__Input material__.
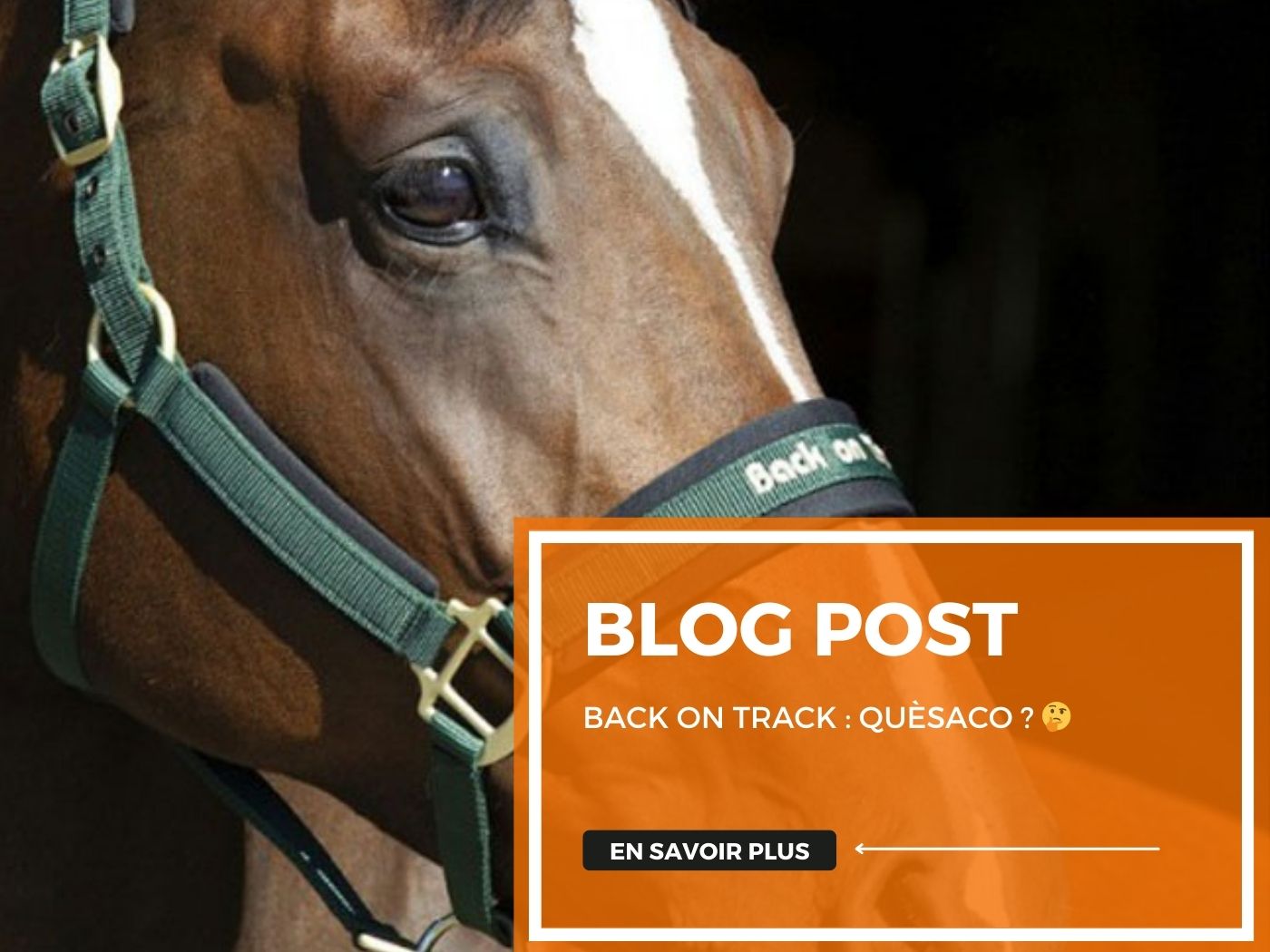 Back On Track : Quèsaco ?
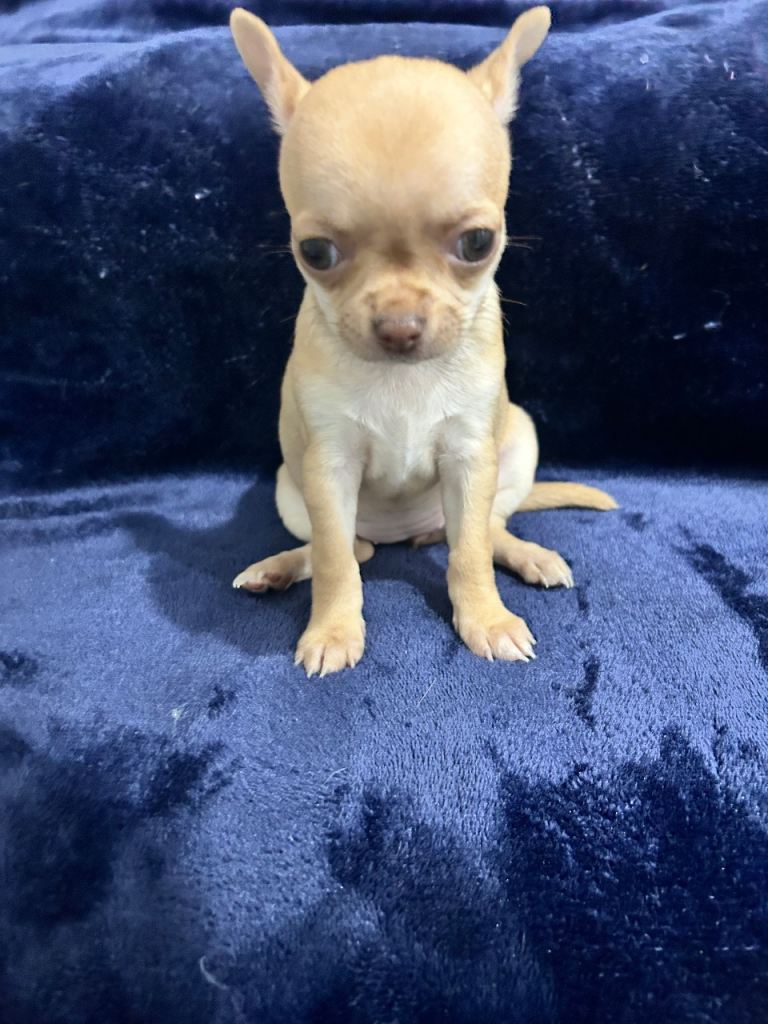  chihuahua pup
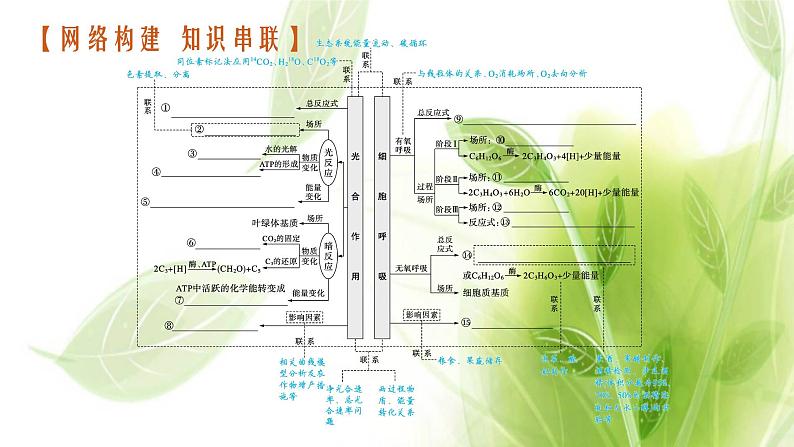 高考生物二轮复习专题二第2讲光合作用与细胞呼吸课件第3页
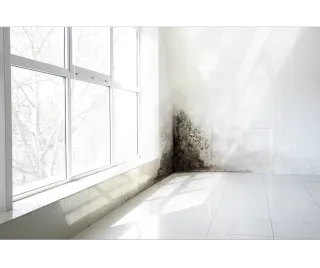 Mold Inspection Sarasota FL: How Mold Detection Dogs Find Hidden Mold in Homes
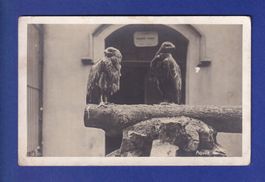 OISEAU - Aigles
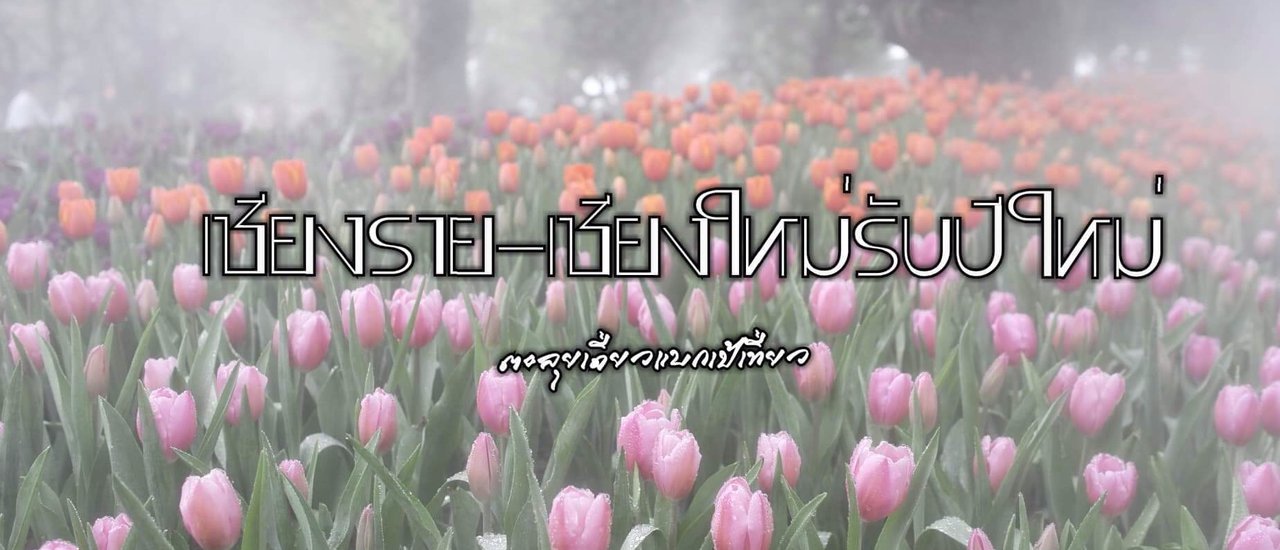 cover เชียงราย-เชียงใหม่รับปีใหม่ 2562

__Task item__. Leaving the pictures out, transcribe word for word the lines from the one with "高考生物二轮复习专题二第2讲光合作用与细胞呼吸课件第3页" to the end of the material above, inclusive, and nothing else.

__Solution to the exercise__.
 高考生物二轮复习专题二第2讲光合作用与细胞呼吸课件第3页
 Mold Inspection Sarasota FL: How Mold Detection Dogs Find Hidden Mold in Homes
 OISEAU - Aigles
 cover เชียงราย-เชียงใหม่รับปีใหม่ 2562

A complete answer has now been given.